# Eigenvalues of the Sum of a Positive Definite Diagonal Matrix and a Rank $2$ Skew Symmetric Matrix

Consider a $N \times N$ matrix $A=B_1+B_2$, where $B_1$ is a diagonal matrix with all the diagonal entries between $0$ and $1$ and $B_2$ is a skew symmetric matrix which can be written as

$$B_2= \begin{bmatrix} 0_{N-1} & f \\ -f^T & 0 \end{bmatrix}$$

where $0_{N-1}$ is the $N-1 \times N-1$ zero matrix, $f$ is a $N-1$ by $1$ vector. So $B_2=-B_2^T$.

My question is how many complex eigenvalues (non-zero imaginary part) $A$ has?

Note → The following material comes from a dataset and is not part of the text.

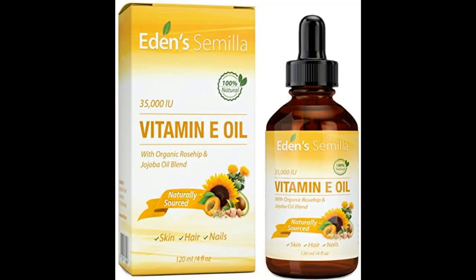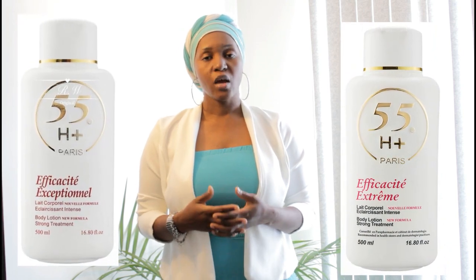Vitamin E oil will help you to calm your irritation because your skin is irritated. It will also help you to heal your skin and nourish your skin because you really need it. The 55H plus lotion will help to restore your skin, give you a better complexion, and also a healthier skin.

I have run some numerical simulations. It seems that $A$ can at most have one pair of complex eigenvalues. And it is plausible to me because the skew symmetric $B_2$ is only rank $2$.

How can we prove this mathematically or come up with a counter example? If needed, we can put an upper bound on $|f|_2$. But I don't know that if it is necessary, as indicated from my simulations.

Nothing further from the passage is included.